** Opening DATA PROVIDED block **

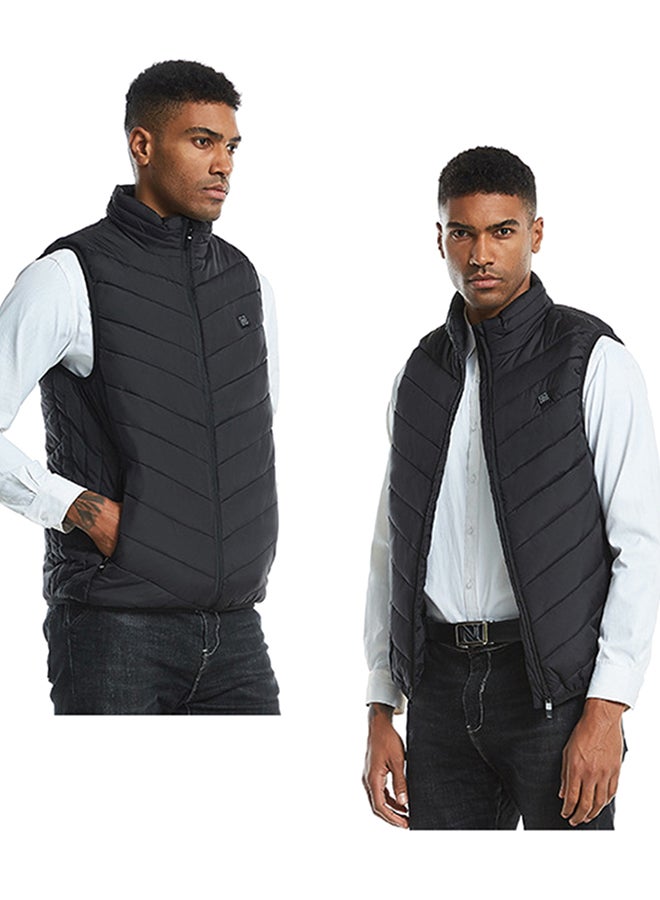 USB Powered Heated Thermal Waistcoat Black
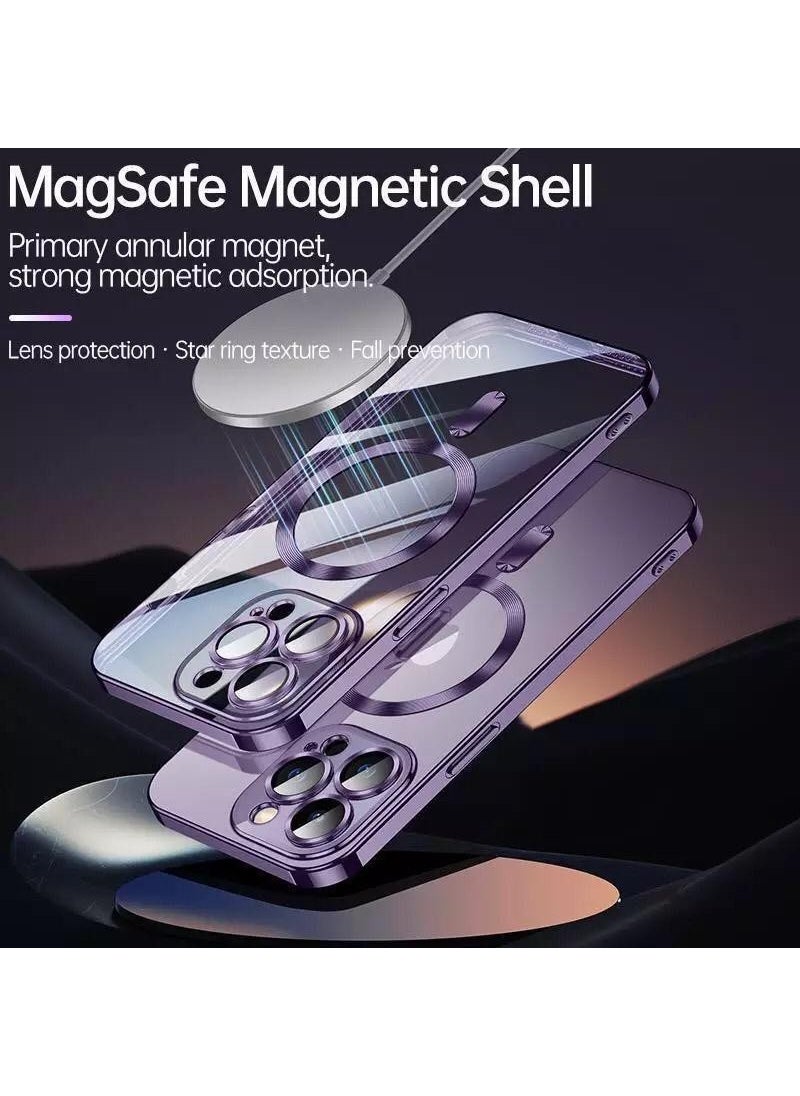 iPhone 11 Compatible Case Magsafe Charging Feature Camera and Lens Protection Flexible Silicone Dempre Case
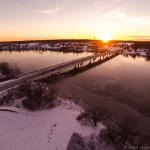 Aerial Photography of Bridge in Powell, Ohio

** Closing DATA PROVIDED block **

**WORK ITEM:** Once the pictures are dropped, repeat the data above exactly.

**OUTPUT:**
 USB Powered Heated Thermal Waistcoat Black
 iPhone 11 Compatible Case Magsafe Charging Feature Camera and Lens Protection Flexible Silicone Dempre Case
 Aerial Photography of Bridge in Powell, Ohio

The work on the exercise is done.